→ **Required action**:
Below are the entries. Print only the lines starting at the one with "Wall Street Framed Movie Poster" and ending at the one with "Canvas Print - coffee cup to go icon vector", exactly, with no pictures.
══ Records supplied ══
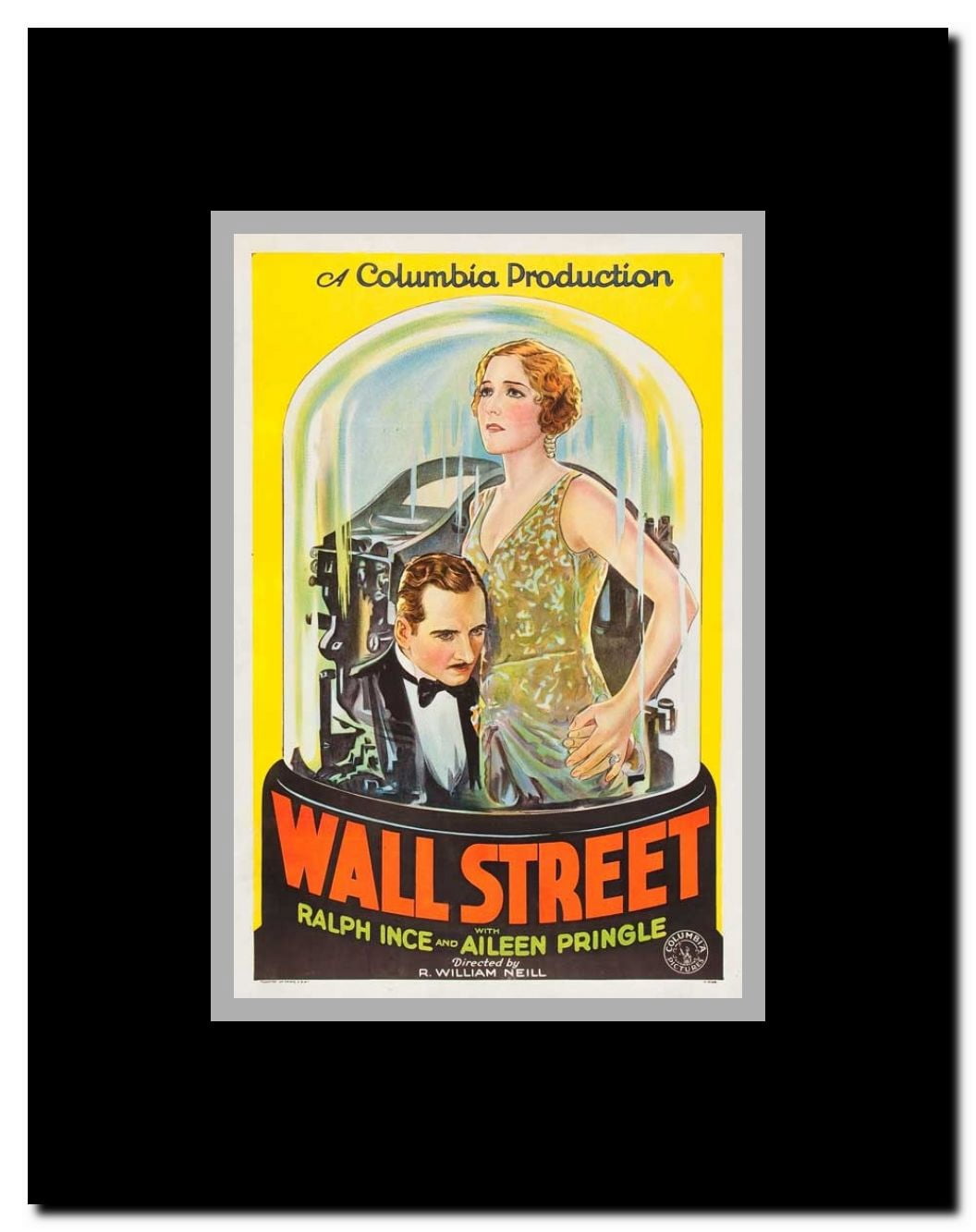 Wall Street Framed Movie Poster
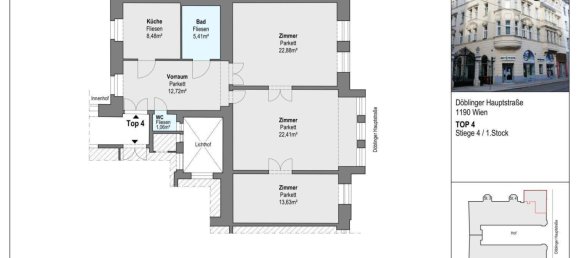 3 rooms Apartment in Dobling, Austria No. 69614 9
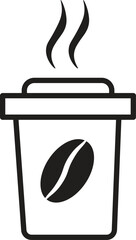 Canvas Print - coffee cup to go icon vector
═══
══ Records supplied ══
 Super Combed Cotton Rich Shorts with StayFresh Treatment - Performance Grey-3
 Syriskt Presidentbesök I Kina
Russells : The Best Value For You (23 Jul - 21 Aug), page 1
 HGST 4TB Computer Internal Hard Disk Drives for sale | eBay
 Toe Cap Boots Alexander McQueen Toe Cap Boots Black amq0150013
═══
→ **Finished exercise**:
 Wall Street Framed Movie Poster
 3 rooms Apartment in Dobling, Austria No. 69614 9
 Canvas Print - coffee cup to go icon vector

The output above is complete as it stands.